Creating meaningful and lasting change on behalf of children and families requires pausing to see, listen to and learn from changemakers.
It was in the late 70s and I was head of Bank Street’s Infant and Family Center. I can still see two visitors who came to observe. Each dressed in a crisp blouse, skirt, stockings, and low heels.
It was a busy day. The baby on my shoulder was teething and Jerry (26 months) was biting.
I greeted our guests, smears of playdough and baby food on my tee-shirt and jeans and showed them where to sit.
My co-teacher, Gwen, and I had decided earlier to divide the group. She would take Jerry and two others to buy snackwhile I “stayed home” with the others. Our thinking: Jerry would get break from the group and Gwen’s focus. We’d all go outside later.
After the shoppers left, I started to read, one toddler on each side of me and the baby with a teething toy on my lap.
A few minutes later, our visitors stood up to leave.

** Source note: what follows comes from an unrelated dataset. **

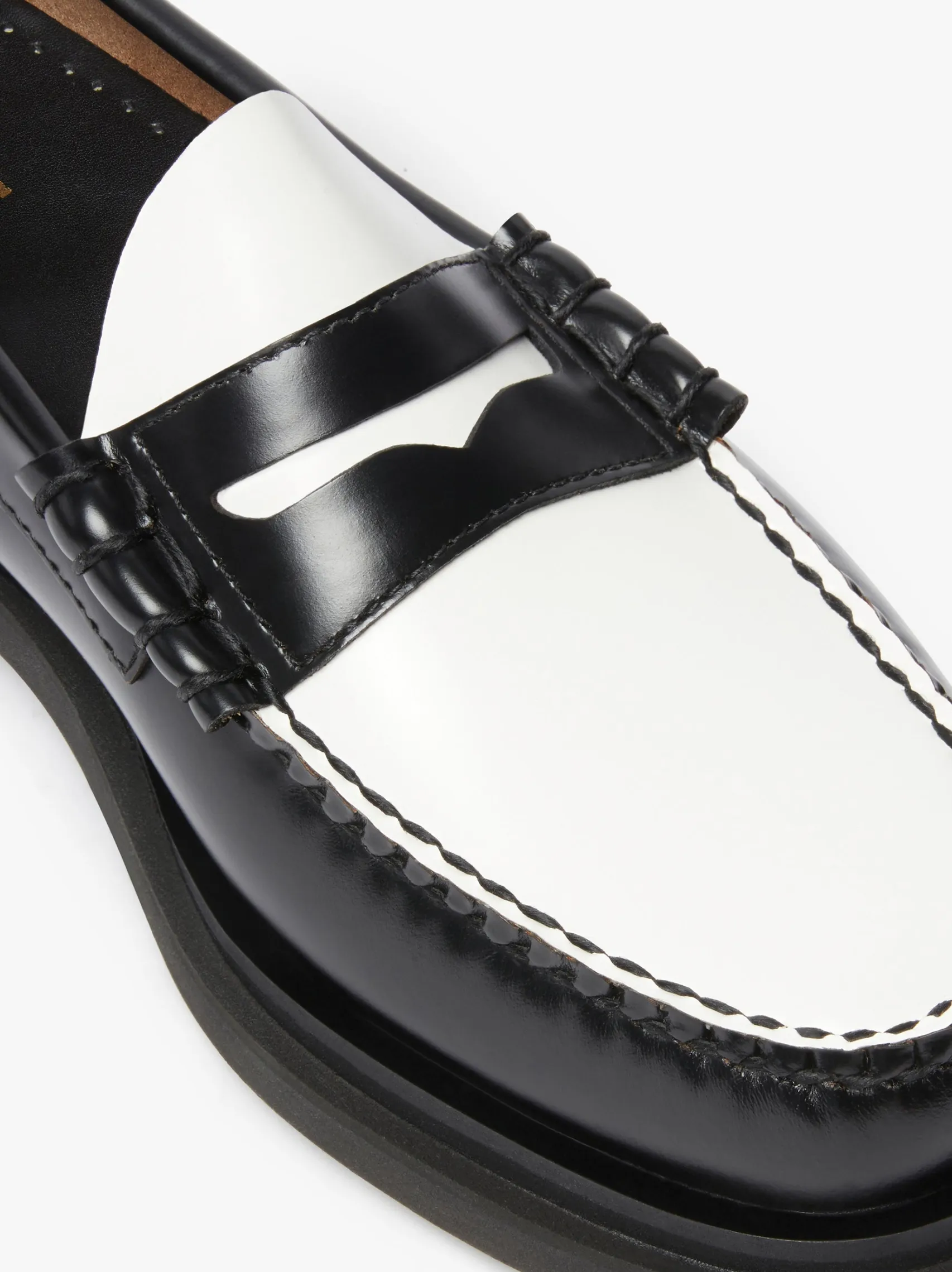 G.H.BASS Weejuns Step Larson Penny Loafers Black & White Leather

I smiled “goodbye”. One of them walked over to me.
“Thank you,” she said, standing over me. “We enjoyed our visit. But… I think the water table should be over there. And shouldn’t you take all the children outside to play?”
I can still remember how this woman’s tone (her nice clothes too, I have to admit) left me feeling defensive and annoyed – almost 40 years later. How different it all would have been if she had paused to listen and learn from me. If she had said something like, “I’m curious. Why did only a few children go outside?’ Or “I wonder what might happen if you moved the water table?”
P.S. It took me a week before I moved the water table. She was right.